Die rund 330 deutschen Hersteller der Branche erwirtschafteten zuletzt einen Umsatz von rund 11,2 Milliarden Euro (-0,6 %). Während der Inlandsumsatz auf etwa 5,1 Milliarden Euro zurückging (-1,6 %), entwickelte sich das Auslandsgeschäft mit rund 6,1 Milliarden Euro stabil (+0,2 %). Zwar stiegen die deutschen Exporte in EU-Länder in den ersten drei Quartalen 2025 um mehr als 5 % an. Jedoch gingen die Ausfuhren in die beiden wichtigsten Zielländer der Branche – die USA und China – um 10 % bzw. 6 % gegenüber dem Vorjahr zurück.

International stark

Die Internationalisierung hat in den vergangenen Jahren stark zum Erfolg der Unternehmen beigetragen: Mehr als die Hälfte der Produktion (Exportquote rund 54 %) wird im Ausland abgesetzt. Insgesamt beschäftigt die Branche rund 52.500 Mitarbeitende.

„Trotz eines anspruchsvollen Marktumfelds zeigt sich unsere Branche weiterhin robust. Analysen-, Bio- und Labortechnik ist eine unverzichtbare Grundlage für Innovationen in Life Sciences, Umweltanalytik und vielen weiteren Zukunftsfeldern. Die Analytica macht diese Innovationskraft der Branche eindrucksvoll sichtbar“, sagt Mathis Kuchejda, Vorsitzender der Analysen-, Bio- und Labortechnik bei Spectaris.
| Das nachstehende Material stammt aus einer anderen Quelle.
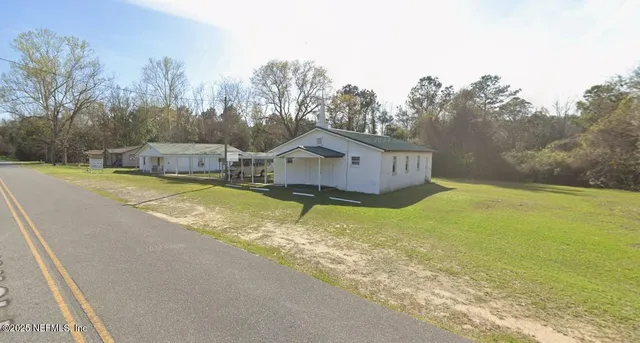 a view of a house with pool and a yard with trees in the background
Positiver Ausblick auf das laufende Jahr

Für 2026 erwarten die Unternehmen mehrheitlich wieder steigende Umsätze in der Größenordnung von etwa drei bis vier Prozent. Gleichzeitig bleibt die Prognose mit Unsicherheiten verbunden. Insbesondere die möglichen wirtschaftlichen Auswirkungen des aktuellen Konflikts im Nahen Osten – einschließlich des Iran-Konflikts – lassen sich derzeit nur schwer abschätzen.

Langfristig bleiben die Perspektiven der Branche positiv und der Weltmarkt für die Industrie wächst weiter. Experten erwarten für die kommenden Jahre ein Wachstum in der Größenordnung von etwa fünf Prozent pro Jahr. Treiber dieser Entwicklung sind neben Automatisierung und Robotik unter anderem steigende Investitionen in Life Sciences, Pharmaforschung, Umweltanalytik sowie in moderne Laborinfrastruktur.
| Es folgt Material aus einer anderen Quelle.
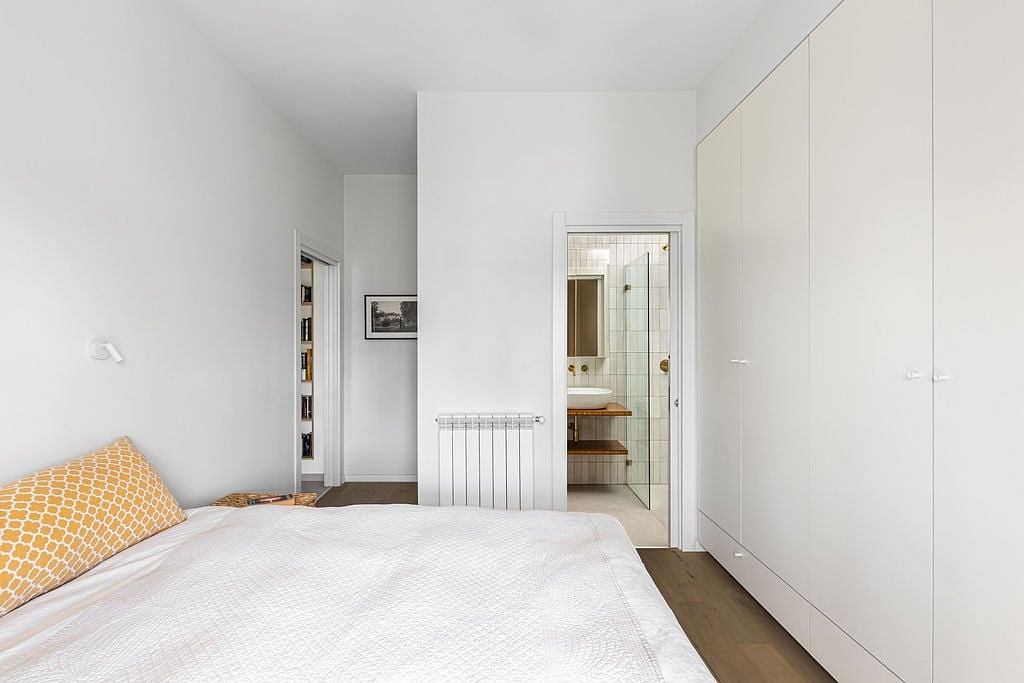 Bright, minimalist bedroom with white walls, built-in storage, and en-suite bathroom.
Die noch bis 27. März laufende Analytica 2026 gilt als weltweit wichtigste Plattform der Branche. Mehr als 1.000 Aussteller präsentieren dort Innovationen entlang der gesamten Wertschöpfungskette – von Analysesystemen über Biotechnologie bis hin zu digitalisierten und automatisierten Laboren.

Mit dem „Trendreport Analysen-, Bio- und Labortechnik 2026/2027“ (pdf) liefert Spectaris zudem eine Übersicht über die wichtigsten Märkte, Entwicklungen und Potenziale der Branche und ein umfassendes Portrait der deutschen Analysen-, Bio- und Labortechnik.